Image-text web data
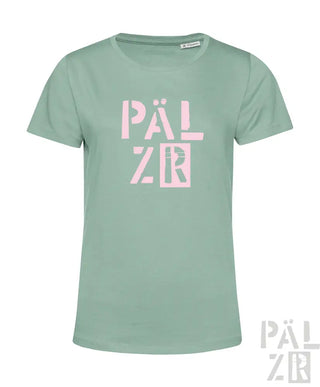Minzgrünes T-Shirt mit pinkem ’palzr’-Logo-Design.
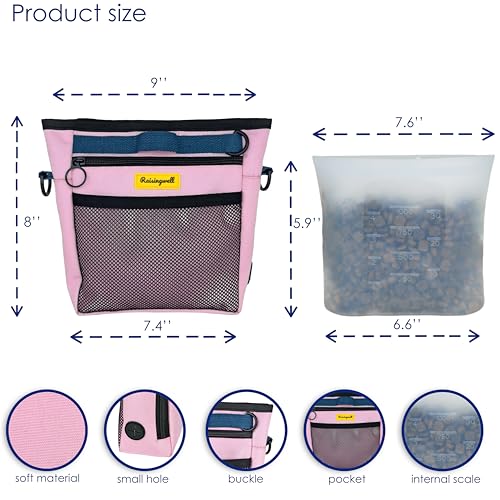 Raisingwell Dog Treat Pouch with Magnetic Closure 4-Cup Silicone Bag Fanny Pack Holder with Clicker 4 Ways to Wear Front Pocket Fits All Phones Ideal for Leash, Pet Walking and Training（Pink） - color: I.Pink, size: 4CUP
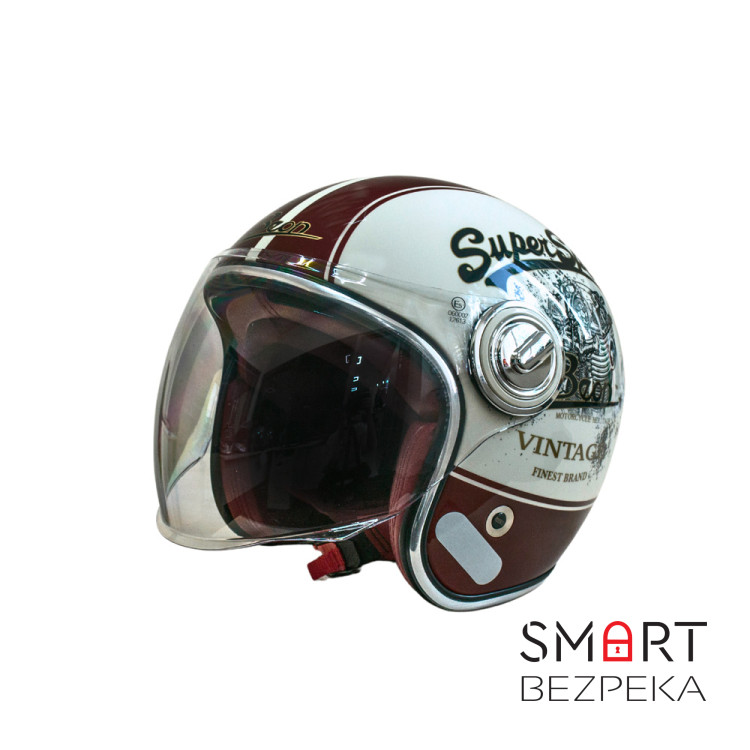 Мотошлем открытый Beon B-108A ABS SUPER SPORT SHINY CREAM/RED (глянец кремовый/красный), размер XXL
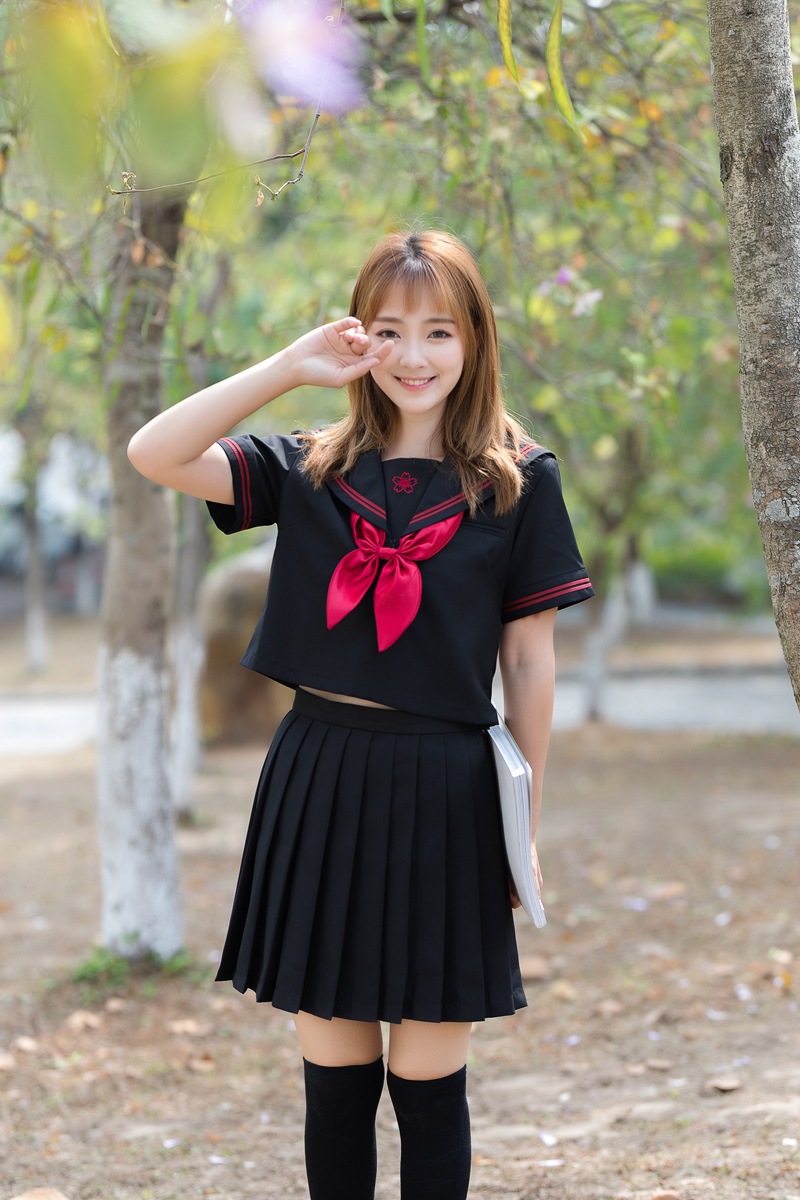 日系jk制服长袖刺绣赤二本软妹服不良黑色水手服学生装中间服套装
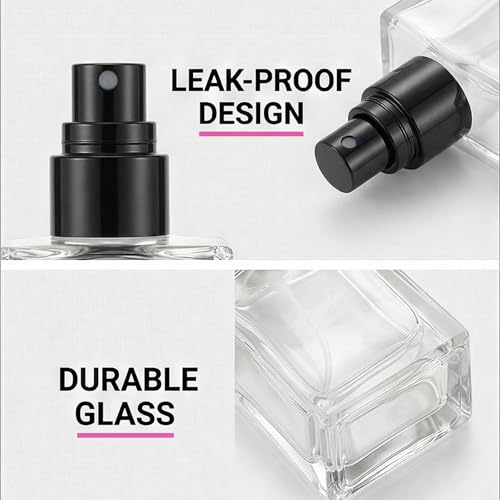 Premium 30 Pcs 15 ml Clear Glass Perfume Spray Bottle Mini Empty Perfume Bottles, Refillable Perfume Bottle With Pump Tool, Droppers And Funnels for DIY Fragrances, Cologne, and Travel (Black)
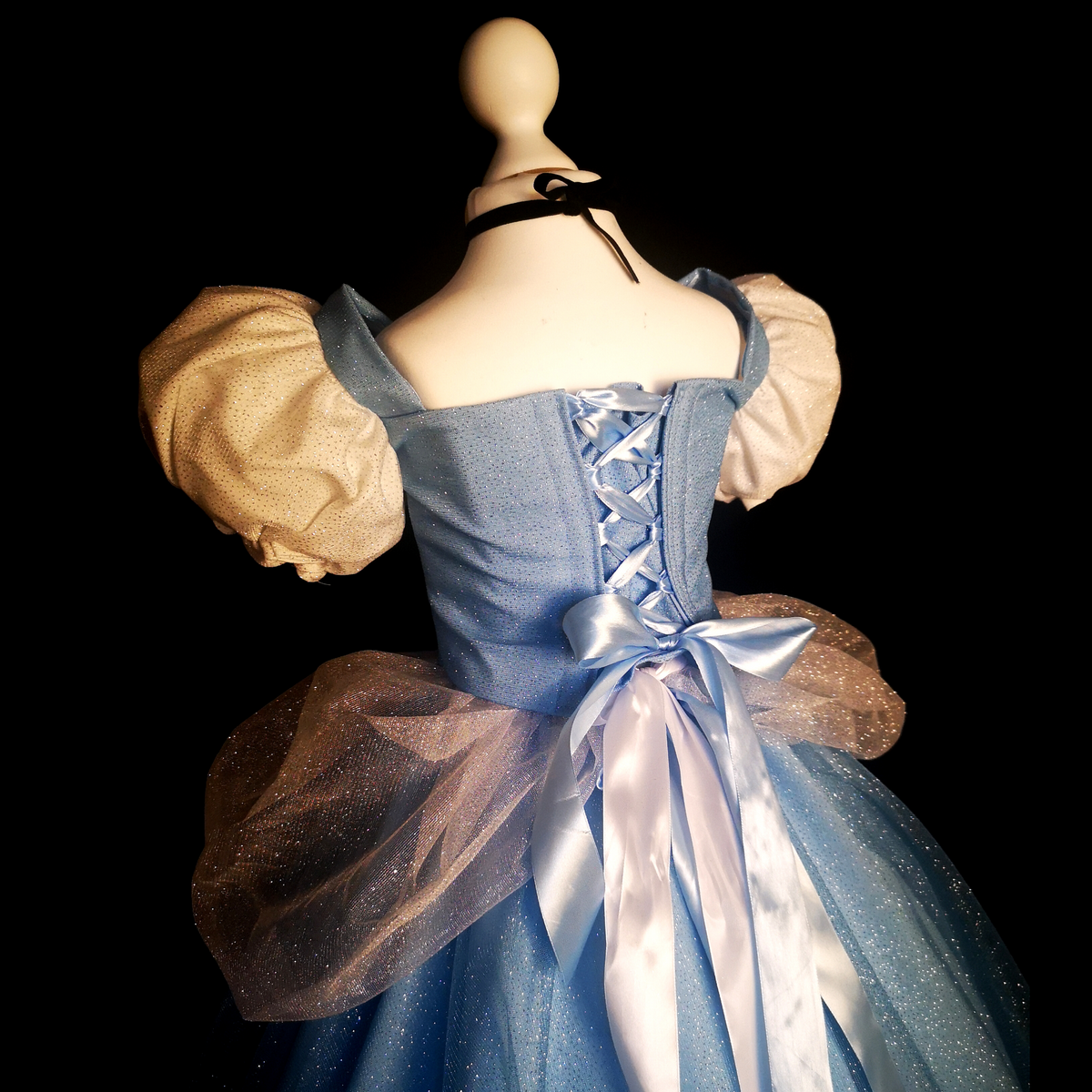 Blue princess dress for girls with sparkle tulle and structured bodice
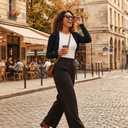 U.Vomade Women's Cropped Cardigan Bolero Shrug Open Front Sweater Long Sleeve S-XL (L)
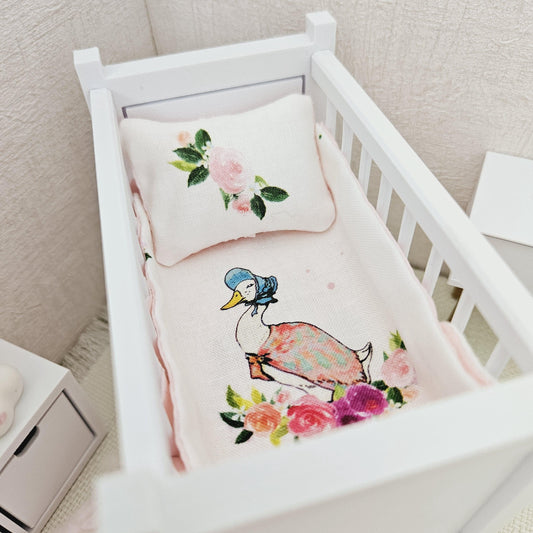 Jemima Puddle-Duck Cot Bedding – alternate view 2 | 1:12 scale dolls house miniature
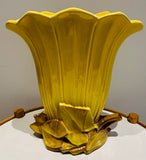 1950s McCoy USA Pottery Yellow Tulip Fan Vase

Description of the task: Reproduce each entry precisely; the pictures stay out.

Finished exercise:
Minzgrünes T-Shirt mit pinkem ’palzr’-Logo-Design.
 Raisingwell Dog Treat Pouch with Magnetic Closure 4-Cup Silicone Bag Fanny Pack Holder with Clicker 4 Ways to Wear Front Pocket Fits All Phones Ideal for Leash, Pet Walking and Training（Pink） - color: I.Pink, size: 4CUP
 Мотошлем открытый Beon B-108A ABS SUPER SPORT SHINY CREAM/RED (глянец кремовый/красный), размер XXL
 日系jk制服长袖刺绣赤二本软妹服不良黑色水手服学生装中间服套装
 Premium 30 Pcs 15 ml Clear Glass Perfume Spray Bottle Mini Empty Perfume Bottles, Refillable Perfume Bottle With Pump Tool, Droppers And Funnels for DIY Fragrances, Cologne, and Travel (Black)
 Blue princess dress for girls with sparkle tulle and structured bodice
 U.Vomade Women's Cropped Cardigan Bolero Shrug Open Front Sweater Long Sleeve S-XL (L)
 Jemima Puddle-Duck Cot Bedding – alternate view 2 | 1:12 scale dolls house miniature
 1950s McCoy USA Pottery Yellow Tulip Fan Vase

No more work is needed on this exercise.